(What is needed): Output the lines from the top of the entries below to the line with "Now that we", both included, exactly and without pictures.

(Data extract):
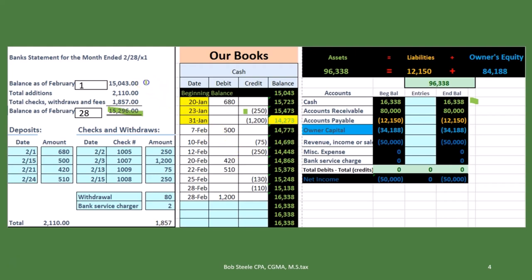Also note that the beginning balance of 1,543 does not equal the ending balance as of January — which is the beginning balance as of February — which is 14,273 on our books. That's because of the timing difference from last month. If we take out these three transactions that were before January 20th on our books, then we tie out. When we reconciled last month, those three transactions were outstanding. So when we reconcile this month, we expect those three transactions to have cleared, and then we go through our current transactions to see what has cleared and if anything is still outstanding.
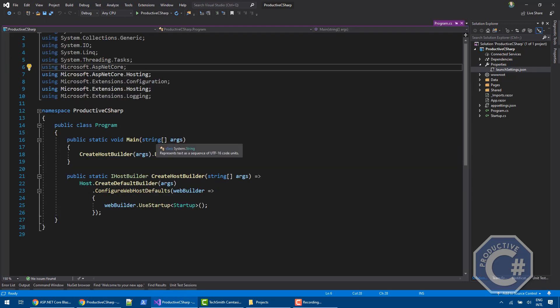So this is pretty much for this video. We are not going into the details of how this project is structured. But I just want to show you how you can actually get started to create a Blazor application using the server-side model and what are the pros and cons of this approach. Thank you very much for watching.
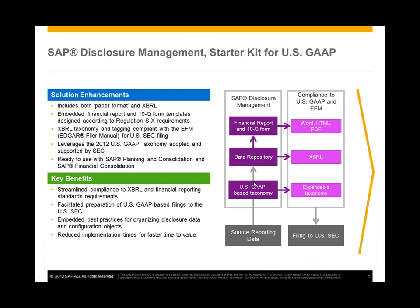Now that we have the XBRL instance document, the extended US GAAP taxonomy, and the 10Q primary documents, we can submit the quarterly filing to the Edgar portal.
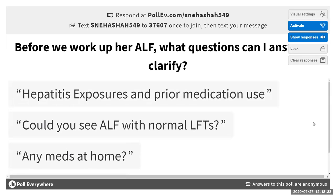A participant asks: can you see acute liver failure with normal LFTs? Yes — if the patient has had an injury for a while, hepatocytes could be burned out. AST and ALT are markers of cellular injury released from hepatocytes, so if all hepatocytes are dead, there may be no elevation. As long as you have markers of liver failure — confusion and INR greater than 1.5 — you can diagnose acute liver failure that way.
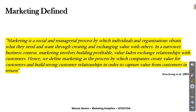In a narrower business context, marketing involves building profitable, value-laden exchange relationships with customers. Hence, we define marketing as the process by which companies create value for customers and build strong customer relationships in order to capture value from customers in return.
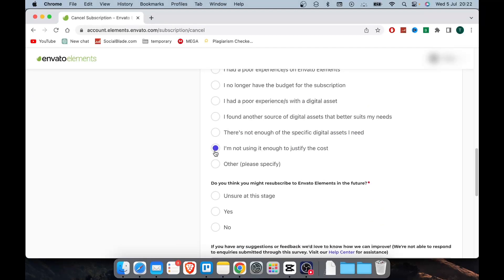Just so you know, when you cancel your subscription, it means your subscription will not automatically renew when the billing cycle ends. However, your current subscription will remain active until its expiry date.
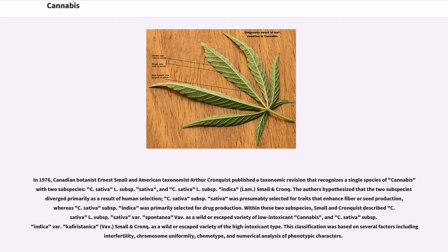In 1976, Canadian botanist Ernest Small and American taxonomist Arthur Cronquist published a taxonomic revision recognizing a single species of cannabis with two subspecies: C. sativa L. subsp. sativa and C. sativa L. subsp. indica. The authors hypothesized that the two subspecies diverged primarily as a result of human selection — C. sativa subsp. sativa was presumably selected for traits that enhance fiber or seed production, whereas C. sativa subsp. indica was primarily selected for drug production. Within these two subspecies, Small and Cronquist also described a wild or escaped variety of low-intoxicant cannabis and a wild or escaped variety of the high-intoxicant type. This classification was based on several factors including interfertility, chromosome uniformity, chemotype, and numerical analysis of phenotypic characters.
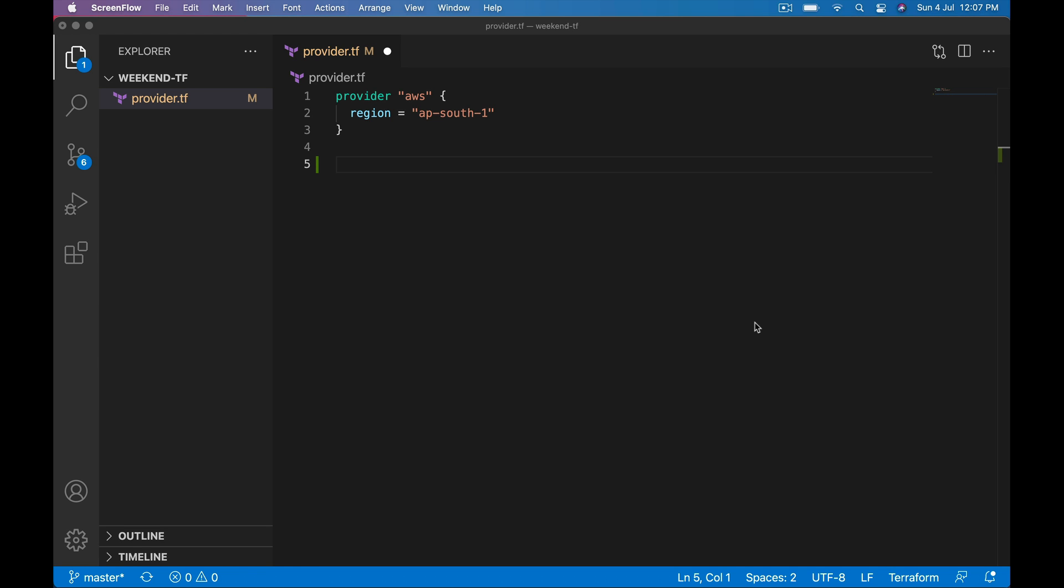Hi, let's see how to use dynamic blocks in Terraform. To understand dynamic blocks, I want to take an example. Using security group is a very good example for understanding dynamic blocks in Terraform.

(Response to this exercise):
Also note that the beginning balance of 1,543 does not equal the ending balance as of January — which is the beginning balance as of February — which is 14,273 on our books. That's because of the timing difference from last month. If we take out these three transactions that were before January 20th on our books, then we tie out. When we reconciled last month, those three transactions were outstanding. So when we reconcile this month, we expect those three transactions to have cleared, and then we go through our current transactions to see what has cleared and if anything is still outstanding.
So this is pretty much for this video. We are not going into the details of how this project is structured. But I just want to show you how you can actually get started to create a Blazor application using the server-side model and what are the pros and cons of this approach. Thank you very much for watching.
Now that we have the XBRL instance document, the extended US GAAP taxonomy, and the 10Q primary documents, we can submit the quarterly filing to the Edgar portal.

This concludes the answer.